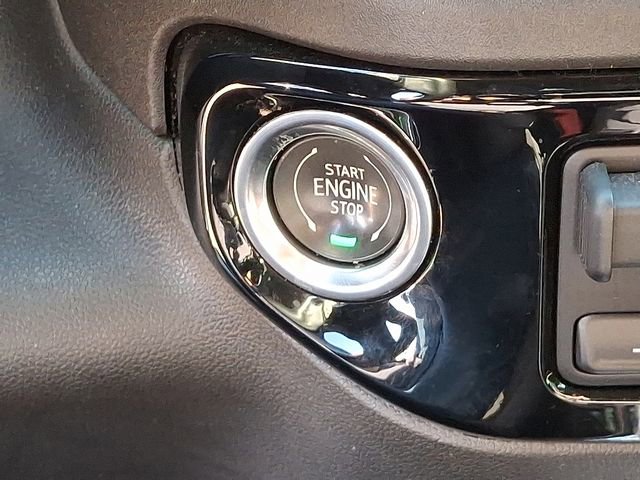 Used 2023 Chevrolet Silverado 1500 RST image 28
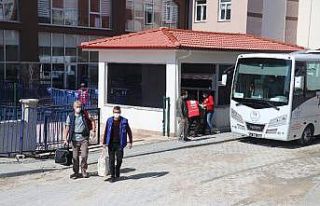 Bolu’da, karantinası biten 395 kişi memleketlerine...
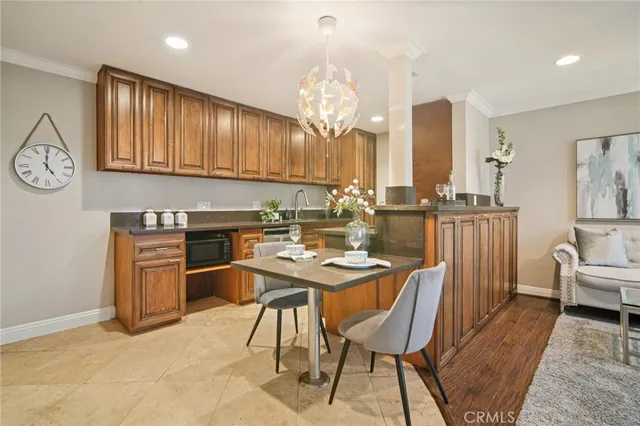 $335,000 | 1405 East 1st Street, Unit 6, Long Beach, CA 90802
* * * *
» **Task statement**:
Once the pictures are set aside, restate the remaining data above exactly.

» **Solution to this exercise**:
 Used 2023 Chevrolet Silverado 1500 RST image 28
 Bolu’da, karantinası biten 395 kişi memleketlerine...
 $335,000 | 1405 East 1st Street, Unit 6, Long Beach, CA 90802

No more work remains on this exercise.